Lorsqu’une collectivité lance un appel d’offres, une bataille se déclenche jusqu’à l’obtention du contrat. S’opèrent alors de nombreuses démarches d’intelligence économique, ou pas...
Les affrontements se présentent sous différentes formes :
- La Comparaison des prix, l’accès aux comptes-rendus d’activités et financiers du délégataire sortant et l’accès aux rapports éventuels de la Cour des comptes qui, par des audits de finances publiques, peut en amont, analyser sur une ou plusieurs années un contrat, et ainsi relever des éléments qui discréditent un exploitant privé.
- Les alliances stratégiques entre concurrents (la compétition), en "offrant" une sous-traitance d’un service à l’un pour contrer ou neutraliser l’autre.
- Les coups de relations publiques : au-delà de la réponse à un appel d’offres, les représentants de ces sociétés de gestion des services de l’eau soignent leurs relations avec les élus locaux, et ce, de façon complètement formelle et officielle.
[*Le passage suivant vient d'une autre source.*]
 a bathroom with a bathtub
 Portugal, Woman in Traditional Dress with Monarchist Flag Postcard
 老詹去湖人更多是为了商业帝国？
Les entreprises citées ci-dessus sont pour la plupart sponsors de grands évènements (rencontres sportives notamment) et n’hésitent pas à en faire profiter certains élus, sur fond de relations publiques. Ils en profitent également pour proposer des parrainages de projets environnementaux dans les villes ou les communautés d’agglomérations concernées. C’est de bonne guerre... ceci ne fait pas nécessairement gagner un appel d’offres, mais la sympathie d’un élu ou d’une équipe municipale... En regardant des cas extrêmes à l’étranger, nous noterons qu’au Québec, la firme Génie-Conseil BPR n’a pas hésité "à payer des voyages de pêche à des élus municipaux avec lesquels elle brasse des affaires." Durant le voyage, certains élus qui préfèrent aujourd’hui garder l’anonymat ont affirmé avoir discuté des contrats d’assainissement de l’eau.
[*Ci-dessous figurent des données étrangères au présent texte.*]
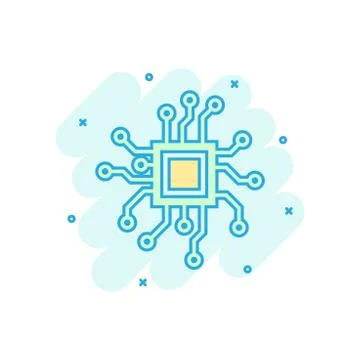 Circuit board icon in comic style. Technology microchip vector cartoon illust Illustrazione stock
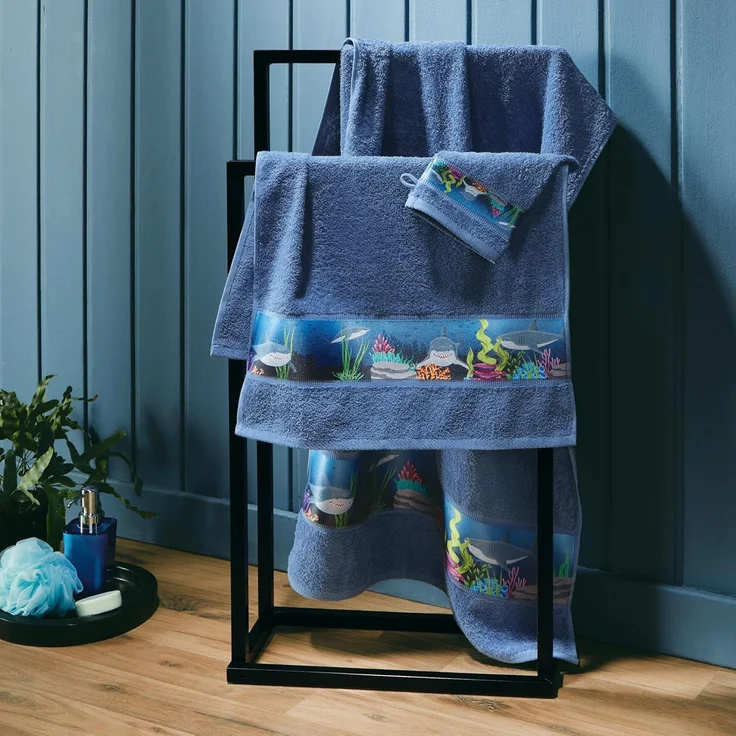 Erwin Müller Handtücher Frottier-Set 3-teilig "Hai", (3-St), Walk-Frottier Uni – Bild 4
- L’usage abusif de procédures juridiques lourdes pour ralentir un projet : le référé précontractuel, quésaco ?
Ordonnée par la juridiction administrative, la procédure de référé précontractuel permet aux sociétés candidates à l’obtention d’un contrat ou aux entreprises qui ont été dissuadées de présenter leur candidature, "d’obtenir d’un juge unique, statuant en urgence, qu’il ordonne à une collectivité publique, qui s’apprête à conclure un marché public ou une délégation de service public, de respecter ses obligations de publicité et de mise en concurrence." Articles L.551-1 et L.551-2 du Code de Justice Administrative.
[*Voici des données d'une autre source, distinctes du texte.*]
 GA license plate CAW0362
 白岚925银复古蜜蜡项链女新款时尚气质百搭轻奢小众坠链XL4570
Dans l’actualité récente, le cas de la Communauté d’Agglomération du Pays Royannais illustre cette procédure. Le contrat de gestion de l’eau potable arrivant à terme, trois organisations de gestion de l’eau ont été retenues pour l’appel d’offres : la CER (candidat sortant), la Lyonnaise des Eaux et Veolia. Suite à une guerre d’élus pour décider de l’attribution (jeux de pouvoirs et de partis politiques) au sein même du conseil municipal de Royan, ce fut Véolia qui remporta le contrat le 23 décembre 2009. Néanmoins, la Compagnie des Eaux de Royan (ancien prestataire de services sur cette zone) a jugé qu’elle avait été écartée de la course sans réel motif. Elle a donc en parallèle "attaqué la procédure de délégation de service public devant le tribunal administratif de Poitiers" et a ainsi obtenu dans le cadre du fameux référé précontractuel, un retardement de la signature du contrat, tout en réclamant l’annulation de la procédure d’appel d’offres.
La demande a ensuite été rejetée le 31 décembre 2009, le juge des référés précisant que les « principes de liberté d’accès à la commande publique, d’égalité de traitement des candidats et de transparence des procédures » avaient été respectés.
Le but du référé précontractuel permet de "paralyser" la signature du contrat et donne donc du temps pour monter une stratégie de défense. La CER n’aura pas réussi son coup via cette procédure.
Vous l’aurez compris, la guerre des entreprises de l’eau, mêlant le public au privé, crée un terrain fertile pour des démarches d’intelligence économique.